===== Supplied material

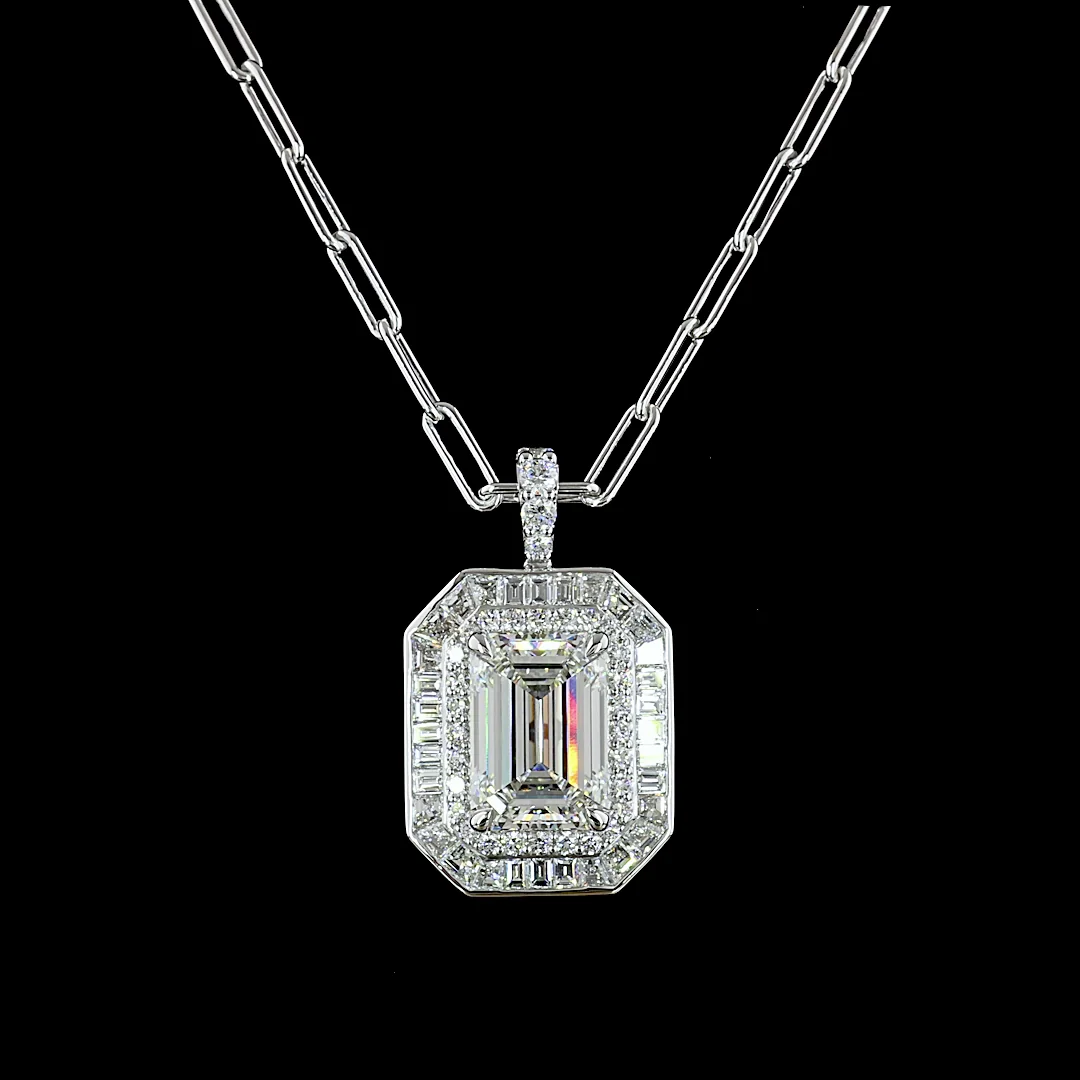 6.81 Cts 9k White Gold - 14k White Gold Mix Shape Pendant Pendant - Image 3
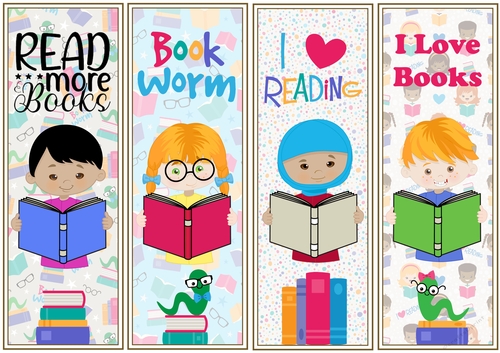I love reading children 4 x bookmarks sheet 5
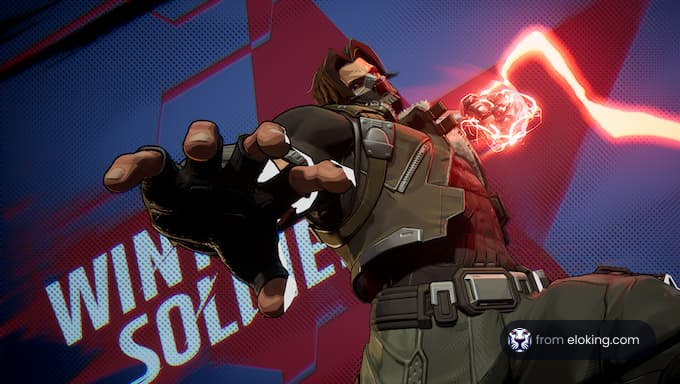 Dynamic illustration of a fictional character with energy in hand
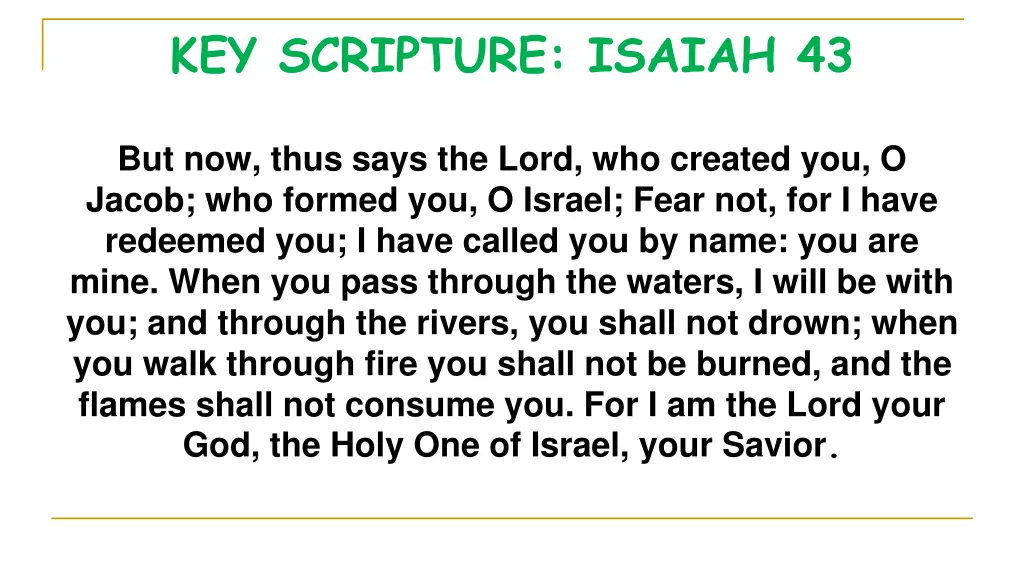 key scripture isaiah 43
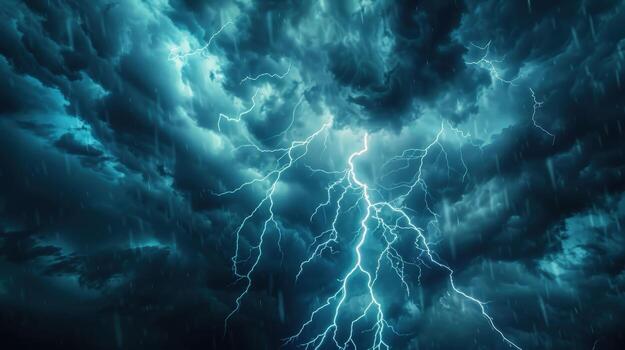 un Tormentoso cielo con relámpago tornillos y lluvia. escena es intenso y dramático foto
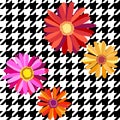 Classical checkered English fabric print with embroidered gerbera. Royalty Free Stock Photo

==========

▶ [What the exercise asks] Transcribe exactly the lines that go from the one holding "key scripture isaiah 43" through the last line of the entries, both included, and nothing besides them. Do not include any pictures.

▶ [Exercise solution]
 key scripture isaiah 43
 un Tormentoso cielo con relámpago tornillos y lluvia. escena es intenso y dramático foto
 Classical checkered English fabric print with embroidered gerbera. Royalty Free Stock Photo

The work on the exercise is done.